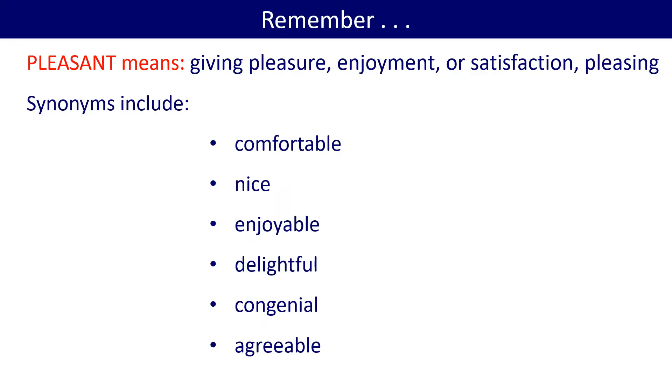Pleasant means giving pleasure, enjoyment or satisfaction. Pleasing. Synonyms include comfortable, nice, enjoyable, delightful, congenial, agreeable.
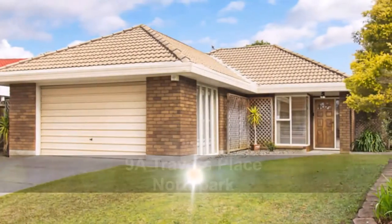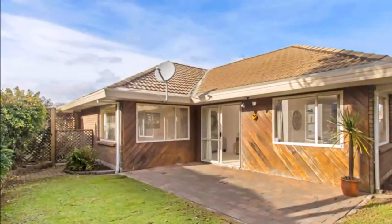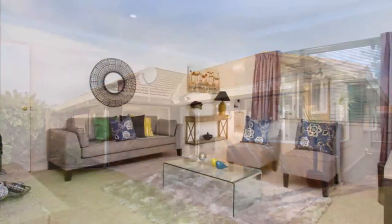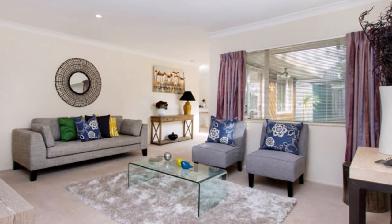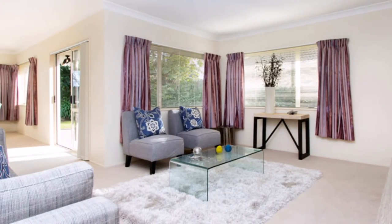Brick and tile construction is a sought-after commodity when looking for a home that can offer you tried and tested materials. Add that to a great location in a quiet cul-de-sac within a short walk to the local shops and your search is over.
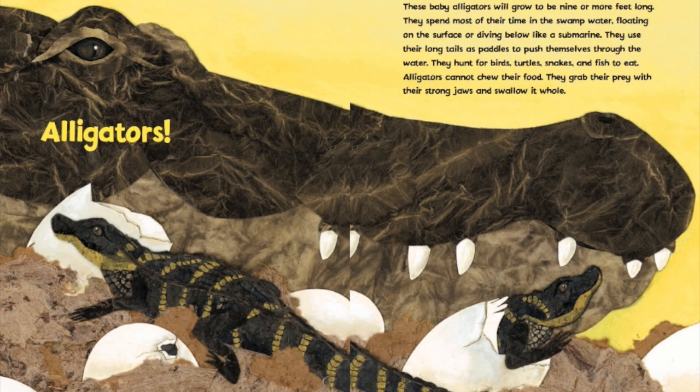They hunt for birds, turtles, snakes, and fish to eat. Alligators cannot chew their food — they grab their prey with their strong jaws and swallow it whole.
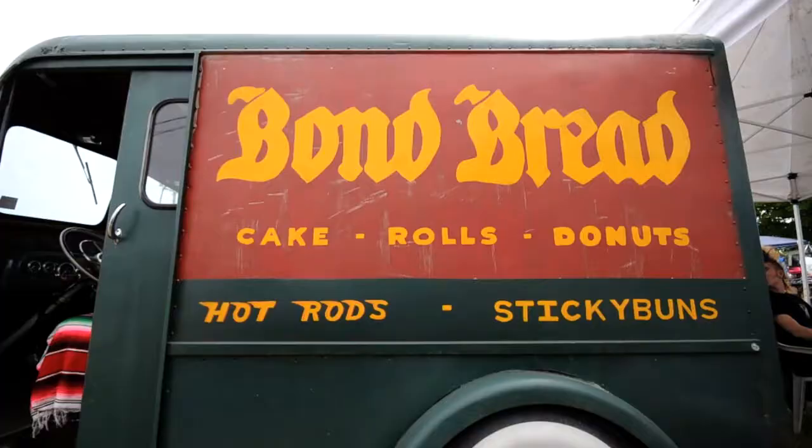This thing — I can put tables, chairs, grills, all our camping equipment, everything in it. So we traveled 6,000 miles in this two years ago around the country. Went to the Grand Canyon, went to Bonneville Speed Week in it. We had a hell of a good time.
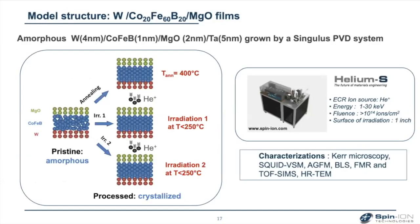The first example is improving crystallization. We started with amorphous tungsten/CoFeB/MgO films — this is basically the free layer in a magnetic tunnel junction. We studied 2D domain wall motion in three different samples: one annealed at 400°C, which is the current temperature needed to get high TMR and crystallization in MTJs, and two irradiation processes at low temperature. The irradiation was performed with our tool, and we used Kerr microscopy, VSM, BLS-FMR, TOF-SIMS, and TEM to characterize all different samples.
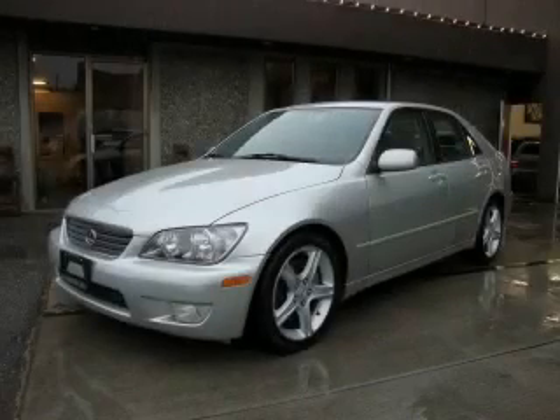This is a 2001 Lexus IS 300. A great fit and finish.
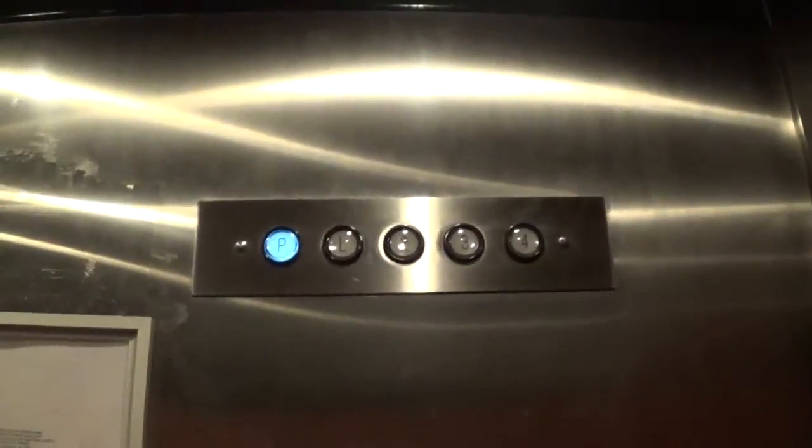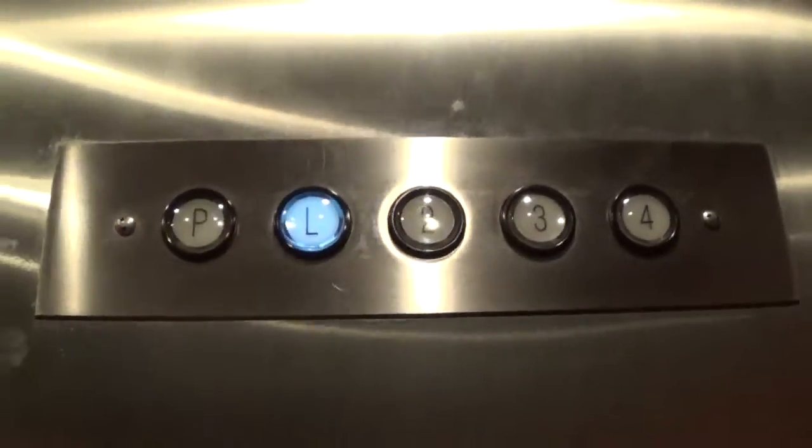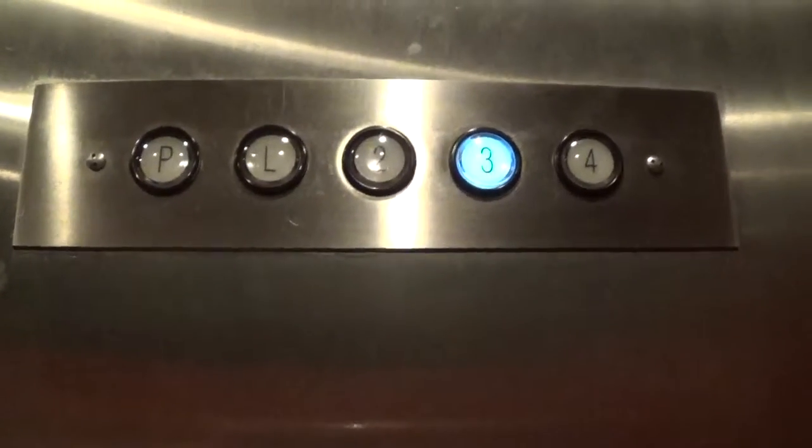Let's go to four. There is an employee on the L floor, so hopefully we don't stop. No classic leveling or anything. Nice looking wood. As you can tell, older hotel.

# [YOUR OBJECTIVE]
Using the data above, which lines fall from the one with "This thing —" through the one with "This is a 2001"? Repeat them exactly, ends included, minus any pictures.

# [REPLY]
This thing — I can put tables, chairs, grills, all our camping equipment, everything in it. So we traveled 6,000 miles in this two years ago around the country. Went to the Grand Canyon, went to Bonneville Speed Week in it. We had a hell of a good time.
The first example is improving crystallization. We started with amorphous tungsten/CoFeB/MgO films — this is basically the free layer in a magnetic tunnel junction. We studied 2D domain wall motion in three different samples: one annealed at 400°C, which is the current temperature needed to get high TMR and crystallization in MTJs, and two irradiation processes at low temperature. The irradiation was performed with our tool, and we used Kerr microscopy, VSM, BLS-FMR, TOF-SIMS, and TEM to characterize all different samples.
This is a 2001 Lexus IS 300. A great fit and finish.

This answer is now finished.